YOUR GOAL: Once "cin is part" turns up in a line below, reproduce that line and those after it exactly, stopping after the line with "That's it on"; leave pictures out.

GIVEN ENTRIES:

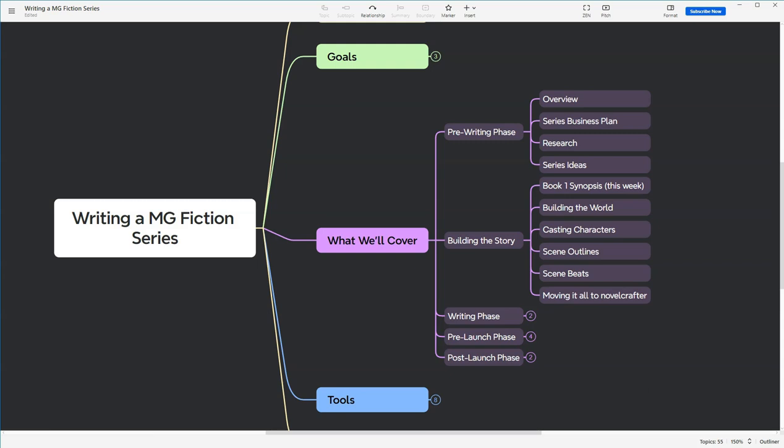It's Wednesday, which means we're continuing our mid-grade fiction series. We started in the pre-writing phase with the overview video, a series business plan, category and keyword research, and then last week we came up with some series ideas. Today, we're delving into the first step in building the story stage, crafting a compelling premise.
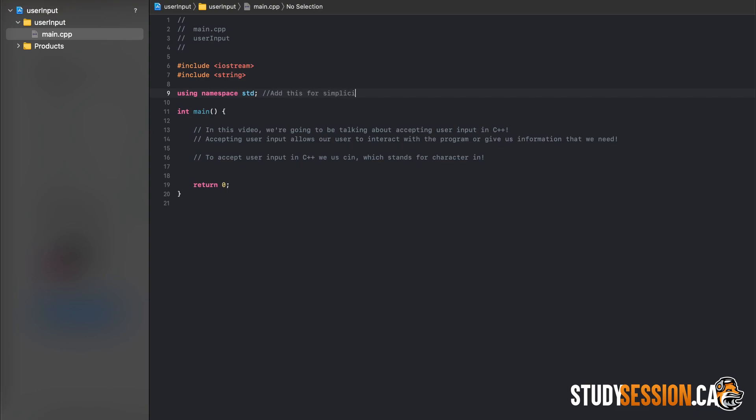cin is part of the standard namespace, so you either need to add using namespace std semicolon at the top of your code or place std colon colon in front of all your cin and couts in your code.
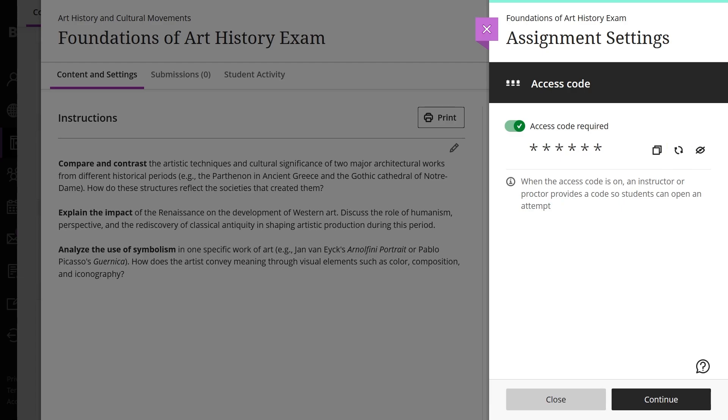Only the instructor role can refresh and change the access code. If you turn the visibility off and on again, the code remains the same.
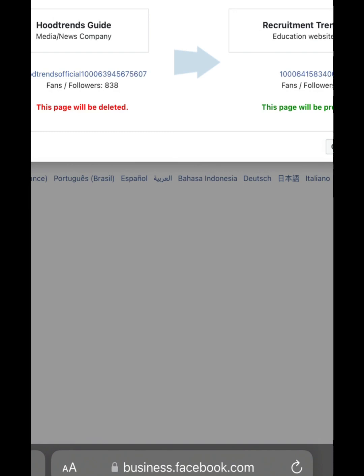That's it on how to merge or combine two Facebook pages together in 2023. I believe this tutorial is helpful — if it is, kindly give me a thumbs up by liking this video, and please don't forget to subscribe to my channel. I will see you guys in my next video.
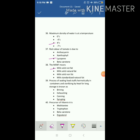The process of sealing foodstuffs hermetically in containers and sterilizing by heat for long storage is known as canning. Brining is adding salt to water and then adding it to some foods. Exhausting is a part of canning, and syruping is the addition of sugar in water and then adding food materials to it. The precursor of vitamin A is beta-carotene.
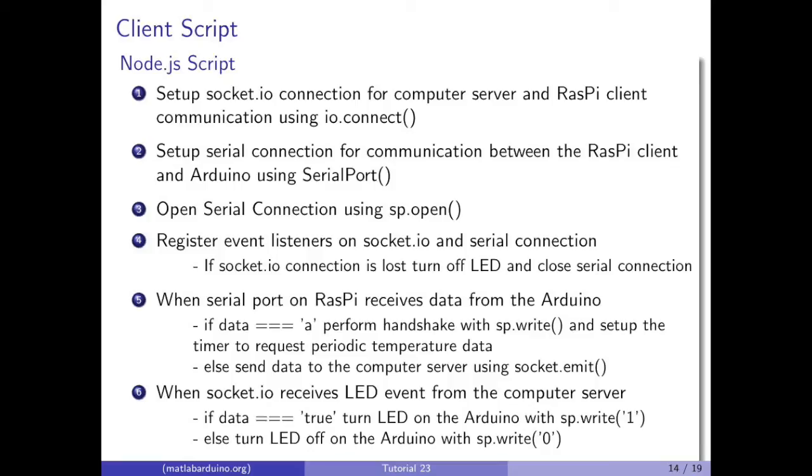Otherwise, send the data received from the Arduino to the computer server using socket.emit. When the socket.io connection receives an LED event from the computer server, if the data that it sent is equal to true, turn on the LED on the Arduino with sp.write. Otherwise, turn the LED off on the Arduino with sp.write 0.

SOLUTION:
cin is part of the standard namespace, so you either need to add using namespace std semicolon at the top of your code or place std colon colon in front of all your cin and couts in your code.
Only the instructor role can refresh and change the access code. If you turn the visibility off and on again, the code remains the same.
That's it on how to merge or combine two Facebook pages together in 2023. I believe this tutorial is helpful — if it is, kindly give me a thumbs up by liking this video, and please don't forget to subscribe to my channel. I will see you guys in my next video.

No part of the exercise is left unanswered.